→ Required action
Transcribe exactly the line in which "Tổng Bí thư" occurs, plus every line that comes after it up to the end of the entries.

→ Data for this exercise
[Start of Attachment]

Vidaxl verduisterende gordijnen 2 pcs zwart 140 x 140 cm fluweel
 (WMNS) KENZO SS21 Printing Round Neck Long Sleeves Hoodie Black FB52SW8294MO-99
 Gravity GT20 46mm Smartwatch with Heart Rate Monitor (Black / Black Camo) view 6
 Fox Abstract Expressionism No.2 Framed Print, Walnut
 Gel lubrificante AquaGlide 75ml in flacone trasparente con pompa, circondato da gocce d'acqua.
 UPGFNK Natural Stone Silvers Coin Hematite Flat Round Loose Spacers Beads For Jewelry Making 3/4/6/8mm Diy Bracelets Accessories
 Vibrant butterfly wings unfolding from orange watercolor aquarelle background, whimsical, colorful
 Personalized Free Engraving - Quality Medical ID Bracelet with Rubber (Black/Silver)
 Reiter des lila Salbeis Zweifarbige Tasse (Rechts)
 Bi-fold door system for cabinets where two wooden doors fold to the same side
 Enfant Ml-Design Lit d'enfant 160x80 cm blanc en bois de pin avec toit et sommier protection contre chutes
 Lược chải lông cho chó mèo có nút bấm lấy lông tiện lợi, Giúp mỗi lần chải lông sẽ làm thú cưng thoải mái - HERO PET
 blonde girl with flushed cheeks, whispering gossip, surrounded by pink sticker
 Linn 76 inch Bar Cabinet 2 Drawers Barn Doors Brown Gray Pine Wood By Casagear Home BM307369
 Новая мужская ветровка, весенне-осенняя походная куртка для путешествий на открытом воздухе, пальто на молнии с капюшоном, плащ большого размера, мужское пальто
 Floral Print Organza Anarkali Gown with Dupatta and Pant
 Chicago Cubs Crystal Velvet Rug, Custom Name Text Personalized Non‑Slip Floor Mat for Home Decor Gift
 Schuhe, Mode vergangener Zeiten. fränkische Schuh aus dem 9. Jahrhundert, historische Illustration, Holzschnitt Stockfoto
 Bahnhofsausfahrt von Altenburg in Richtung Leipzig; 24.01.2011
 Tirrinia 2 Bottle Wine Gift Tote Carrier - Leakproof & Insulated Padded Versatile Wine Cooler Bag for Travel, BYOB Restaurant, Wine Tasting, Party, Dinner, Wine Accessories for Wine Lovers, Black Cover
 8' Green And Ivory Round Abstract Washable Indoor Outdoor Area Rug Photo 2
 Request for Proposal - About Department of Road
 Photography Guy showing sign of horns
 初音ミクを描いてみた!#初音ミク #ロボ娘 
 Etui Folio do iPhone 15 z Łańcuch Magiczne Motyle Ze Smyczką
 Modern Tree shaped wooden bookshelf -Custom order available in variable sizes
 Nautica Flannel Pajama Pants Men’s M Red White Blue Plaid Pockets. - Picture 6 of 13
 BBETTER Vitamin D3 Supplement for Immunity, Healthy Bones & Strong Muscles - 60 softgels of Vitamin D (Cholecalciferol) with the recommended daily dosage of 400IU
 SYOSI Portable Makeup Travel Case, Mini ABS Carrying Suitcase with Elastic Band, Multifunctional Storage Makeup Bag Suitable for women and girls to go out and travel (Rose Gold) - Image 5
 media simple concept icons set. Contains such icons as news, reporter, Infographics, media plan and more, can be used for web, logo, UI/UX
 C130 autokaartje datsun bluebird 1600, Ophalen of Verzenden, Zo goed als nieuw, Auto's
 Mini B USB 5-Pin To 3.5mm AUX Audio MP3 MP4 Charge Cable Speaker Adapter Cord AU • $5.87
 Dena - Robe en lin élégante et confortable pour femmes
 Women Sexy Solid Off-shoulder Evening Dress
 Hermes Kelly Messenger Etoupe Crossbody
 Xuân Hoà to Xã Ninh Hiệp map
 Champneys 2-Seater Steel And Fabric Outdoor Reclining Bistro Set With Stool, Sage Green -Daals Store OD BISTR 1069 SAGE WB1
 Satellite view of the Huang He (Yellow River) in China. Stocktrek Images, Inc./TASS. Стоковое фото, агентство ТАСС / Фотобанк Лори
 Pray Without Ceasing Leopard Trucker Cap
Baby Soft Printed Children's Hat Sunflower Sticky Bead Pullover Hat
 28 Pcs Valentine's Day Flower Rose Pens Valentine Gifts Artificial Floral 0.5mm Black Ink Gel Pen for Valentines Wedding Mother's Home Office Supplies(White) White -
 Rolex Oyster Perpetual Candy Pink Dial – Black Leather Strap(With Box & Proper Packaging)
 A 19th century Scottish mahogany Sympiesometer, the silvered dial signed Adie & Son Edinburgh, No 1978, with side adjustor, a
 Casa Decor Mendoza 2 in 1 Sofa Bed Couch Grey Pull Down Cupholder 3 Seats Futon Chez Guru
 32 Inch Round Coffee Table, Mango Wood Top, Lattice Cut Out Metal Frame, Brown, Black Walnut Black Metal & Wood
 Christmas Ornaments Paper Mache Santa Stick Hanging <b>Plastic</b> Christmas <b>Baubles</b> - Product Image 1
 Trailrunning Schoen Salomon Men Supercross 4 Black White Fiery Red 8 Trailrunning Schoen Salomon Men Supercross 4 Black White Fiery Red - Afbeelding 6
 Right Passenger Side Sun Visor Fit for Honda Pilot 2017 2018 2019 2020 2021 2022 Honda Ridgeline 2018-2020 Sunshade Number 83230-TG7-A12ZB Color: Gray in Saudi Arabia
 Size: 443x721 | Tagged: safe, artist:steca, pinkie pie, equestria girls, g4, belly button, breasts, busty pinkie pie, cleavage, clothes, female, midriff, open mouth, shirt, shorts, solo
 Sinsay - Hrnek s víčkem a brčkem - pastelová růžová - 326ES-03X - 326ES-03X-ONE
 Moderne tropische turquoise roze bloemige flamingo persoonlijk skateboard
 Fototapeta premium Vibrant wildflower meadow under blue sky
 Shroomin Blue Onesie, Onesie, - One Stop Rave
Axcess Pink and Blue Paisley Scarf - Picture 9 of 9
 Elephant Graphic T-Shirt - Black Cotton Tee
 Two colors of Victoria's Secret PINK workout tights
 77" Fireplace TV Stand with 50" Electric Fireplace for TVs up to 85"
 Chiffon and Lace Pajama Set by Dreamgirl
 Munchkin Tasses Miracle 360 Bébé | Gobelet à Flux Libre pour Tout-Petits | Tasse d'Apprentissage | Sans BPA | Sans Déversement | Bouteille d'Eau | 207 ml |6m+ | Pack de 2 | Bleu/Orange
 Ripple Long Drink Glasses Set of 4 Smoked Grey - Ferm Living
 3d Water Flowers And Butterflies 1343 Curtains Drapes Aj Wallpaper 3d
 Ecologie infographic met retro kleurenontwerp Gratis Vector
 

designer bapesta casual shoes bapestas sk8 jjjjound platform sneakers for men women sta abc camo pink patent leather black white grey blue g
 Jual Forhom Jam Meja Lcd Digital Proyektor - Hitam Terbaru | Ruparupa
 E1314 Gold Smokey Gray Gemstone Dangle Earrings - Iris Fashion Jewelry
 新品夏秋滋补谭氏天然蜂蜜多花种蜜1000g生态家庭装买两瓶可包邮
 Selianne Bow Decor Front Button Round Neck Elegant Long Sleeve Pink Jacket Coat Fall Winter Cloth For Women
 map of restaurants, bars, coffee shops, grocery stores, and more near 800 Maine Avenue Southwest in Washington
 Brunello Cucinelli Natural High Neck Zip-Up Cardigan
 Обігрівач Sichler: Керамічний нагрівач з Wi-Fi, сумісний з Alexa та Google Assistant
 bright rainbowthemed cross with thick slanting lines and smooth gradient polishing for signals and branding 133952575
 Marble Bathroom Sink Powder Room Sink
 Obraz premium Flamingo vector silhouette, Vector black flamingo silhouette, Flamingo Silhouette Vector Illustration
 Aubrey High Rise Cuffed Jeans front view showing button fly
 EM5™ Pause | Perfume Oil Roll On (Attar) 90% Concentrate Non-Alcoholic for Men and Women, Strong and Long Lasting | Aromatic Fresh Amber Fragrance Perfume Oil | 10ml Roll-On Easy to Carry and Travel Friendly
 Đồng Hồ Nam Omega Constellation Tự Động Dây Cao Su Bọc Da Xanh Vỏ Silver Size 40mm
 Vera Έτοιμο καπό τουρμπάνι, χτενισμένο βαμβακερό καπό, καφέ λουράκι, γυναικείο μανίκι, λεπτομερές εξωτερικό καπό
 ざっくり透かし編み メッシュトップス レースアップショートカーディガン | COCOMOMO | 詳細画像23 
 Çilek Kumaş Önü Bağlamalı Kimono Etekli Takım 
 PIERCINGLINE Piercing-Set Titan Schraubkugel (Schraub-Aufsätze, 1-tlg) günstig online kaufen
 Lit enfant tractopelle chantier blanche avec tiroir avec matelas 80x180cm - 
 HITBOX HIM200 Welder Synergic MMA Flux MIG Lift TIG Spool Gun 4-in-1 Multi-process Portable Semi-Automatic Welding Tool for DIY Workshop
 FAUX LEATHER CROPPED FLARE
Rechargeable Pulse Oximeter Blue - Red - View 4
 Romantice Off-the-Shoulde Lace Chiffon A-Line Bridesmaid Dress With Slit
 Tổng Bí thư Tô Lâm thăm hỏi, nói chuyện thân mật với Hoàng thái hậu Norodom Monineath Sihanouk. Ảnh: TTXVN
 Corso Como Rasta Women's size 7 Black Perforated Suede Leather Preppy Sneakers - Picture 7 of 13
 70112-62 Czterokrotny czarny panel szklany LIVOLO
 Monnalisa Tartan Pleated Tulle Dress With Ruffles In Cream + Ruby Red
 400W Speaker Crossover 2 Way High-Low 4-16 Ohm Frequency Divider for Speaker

[End of Attachment]

→ Solved problem
 Tổng Bí thư Tô Lâm thăm hỏi, nói chuyện thân mật với Hoàng thái hậu Norodom Monineath Sihanouk. Ảnh: TTXVN
 Corso Como Rasta Women's size 7 Black Perforated Suede Leather Preppy Sneakers - Picture 7 of 13
 70112-62 Czterokrotny czarny panel szklany LIVOLO
 Monnalisa Tartan Pleated Tulle Dress With Ruffles In Cream + Ruby Red
 400W Speaker Crossover 2 Way High-Low 4-16 Ohm Frequency Divider for Speaker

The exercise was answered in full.